Tuesday, February 16, 2010

Is Avatar’s influence all positive?

I read this article by Mark Harris, one of my favorite editorialists on Entertainment Weekly, and I found it so interesting and relevant, I had to post about it.

Harris means to address those wondering if Avatar’s Zoe Saldana should have gotten a Best Actress nomination for her portrayal of fierce warrior Neytiri.  He doesn’t think she should have, and I happen to wholeheartedly agree with him and his line of reasoning.

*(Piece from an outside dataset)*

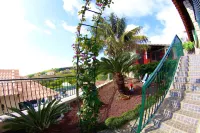 Traditional house. Fantastic sea view. Large outdoor spaces with barbecue.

Here’s what he said (in its entirety because I really couldn’t leave anything out – I hope I’m not breaking any laws…):

Jake-and-Neytiri If you've read about Avatar, you know by now that it's the future of movies. And if you've seen it, you know that the future of movies apparently looks a lot like the present of movies — big, expensive, effects-driven action, but updated with high-tech immersiveness. More problematically, though, Avatar is also being touted as the future of movie acting. Last summer, at an EW panel at Comic-Con, director James Cameron argued that we have to think differently about the kind of ''performance capture'' work that's on display in Avatar, in which actors have every micro-twitch registered and reproduced digitally on big blue tail-swinging loincloth-wearing counterparts. Performance capture, Cameron insists, is good for actors: ''Not only does it not replace them, but it empowers them.'' Say what? Well, for example, ''Will Smith could still make an action movie when he's 75 years old, looking like he looks now.''

Personally, I'd rather see what Smith does when he's 75 and looks 75, with those additional decades of life playing across his features; I'm not sure that digital Botox empowers anyone except studio executives who wish that moneymaking stars would never change. But Cameron really loses me when he claims that these techniques capture ''100 percent of what the actor does. Not 98, not 95 — but 100 percent.... Every nuance, every moment of their creation on the set is preserved.''

It sounds good — and in a season in which the hype dials all go to 11, there are even suggestions that Zoë Saldana, who lent her voice and facial and body movements to Cameron's computers so he could create the Na'vi woman warrior Neytiri, deserves Oscar consideration. If only it were true. The fact is, a computer can't pick up every nuance of an actor's work, because great performances have nuances that are ineffable and unquantifiable, not to mention vulnerable to eradication with one thoughtless flick of a digital paintbrush. 100 percent? Not even close.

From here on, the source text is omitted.